Calvagone provides services in: data management, non-compartmental analysis (NCA), population PK and PK/PD modelling, simulation and general clinical pharmacology and pharmacometrics consulting to support drug development.

Over the years we have gained experience in many different areas, including oncology, schizophrenia, depression, neurodegenerative diseases, infectious diseases, asthma, cardiovascular and metabolic disorders.

Our experts are skilled in pediatric drug development (PIP), orphan diseases, formulation development, bioequivalence, translational modelling, semi-mechanistic models, concentration-QT modelling, tumor-growth modelling, target-mediated drug disposition (TMDD), therapeutic drug monitoring, literature modelling, complex absorption modeling, categorical data analysis, time-to-event (survival) models, Markov models, drug-drug-interactions and PBPK.

More than 20% of our projects have been with large molecules, including bispecific antibodies and antibody drug conjugates where we frequently applied target-mediated drug disposition (TMDD) models and did first-in-human dose projections.

We are experts in clinical trial simulations with e-Campsis, our in-house developed PK/PD simulator known for its ease of use and versatility, freely accessible at We have a specialized service to quickly integrate and qualify PK/PD models from literature or your own files into e-Campsis, enabling prompt and reliable simulations.

Last not least, we offer customized on-site training courses in modelling with NONMEM as well as simulations with e-Campsis.

How to get started?


You contact us by email or by phone.


We review your project and scientific background information.


We create a detailed project proposal, tailored to your needs.

About Us


Calvagone was established by Christian Laveille in 2015, quickly attracting a team of skilled consultants. As of February 2024, leadership has transitioned to Emilie, Andreas, and Erno, marking a new chapter in our growth story.

Our defining traits are our enthusiasm, flexibility, profound expertise, and a commitment to building lasting relationships with our customers.

We are proud to have been recognized with the Crédit Impôt Recherche (CIR) accreditation by the French Ministère de la Recherche for three consecutive periods: 2017-2020, 2020-2022, and now 2022-2025. This accreditation underscores our commitment to fostering R&D partnerships and advancing scientific exploration.
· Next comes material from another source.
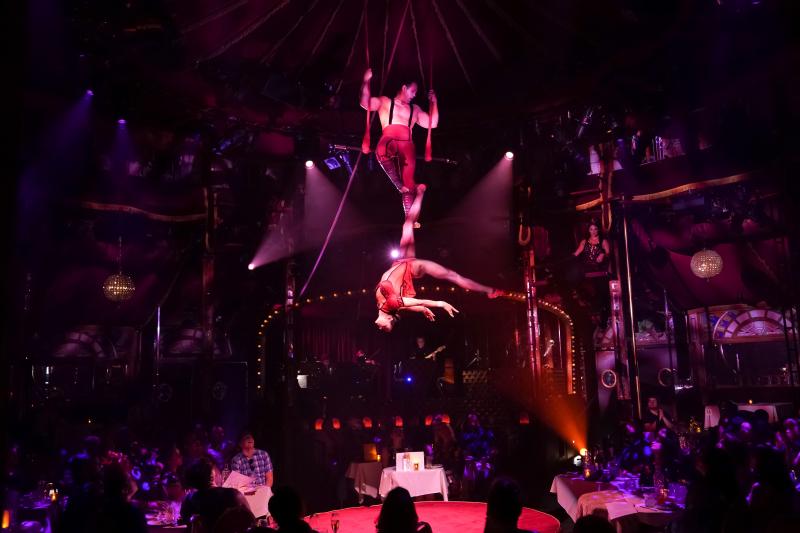 Review: Teatro ZinZanni's LOVE, CHAOS AND DINNER Provides Old-Fashioned Circus and Comedy Entertainment  Image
What to do first, when we want to work with Calvagone?

The first thing to do is to put a mutual non-disclosure-agreement in place using either your or our own template.

How much do your services cost?

Every project is unique and highly customized. Please contact us for a detailed proposal. Note, we do offer discounts for new clients.

Are you invoicing based on the time spent on the project?

It depends, we usually prefer to define a milestone-based quotation, where each milestone is clearly described regarding timelines and costs. There are no hidden costs. However, for general consulting projects, we invoice based on the time spent.

Where are you located?

We are working from home, and are located in France, in the Netherlands, in Spain, in Belgium, in Germany and in Finland. The official address is in France (see our contact details).

Do you have the capability to run compute-intensive PK/PD models?

Yes, we have set-up a high-performance computing server, which is hosted near Lyon in a dedicated datacentre. We have already run some very complex PK/PD models in a reasonable time.

Do you have some Standard Operating Procedures in place?

Yes, we have SOPs for the key aspects of our work. As we are working from home, it is really important to have standardization in order to achieve efficiency and uniformity of performance.

Do you have specific accreditations?

Yes, we obtained in April 2017 the accreditation for Crédit Impôt Recherches (CIR) from the French « Ministère de la Recherche » for a three-year period. This accreditation has been renewed in 2020 and in 2022, presently active until 2025.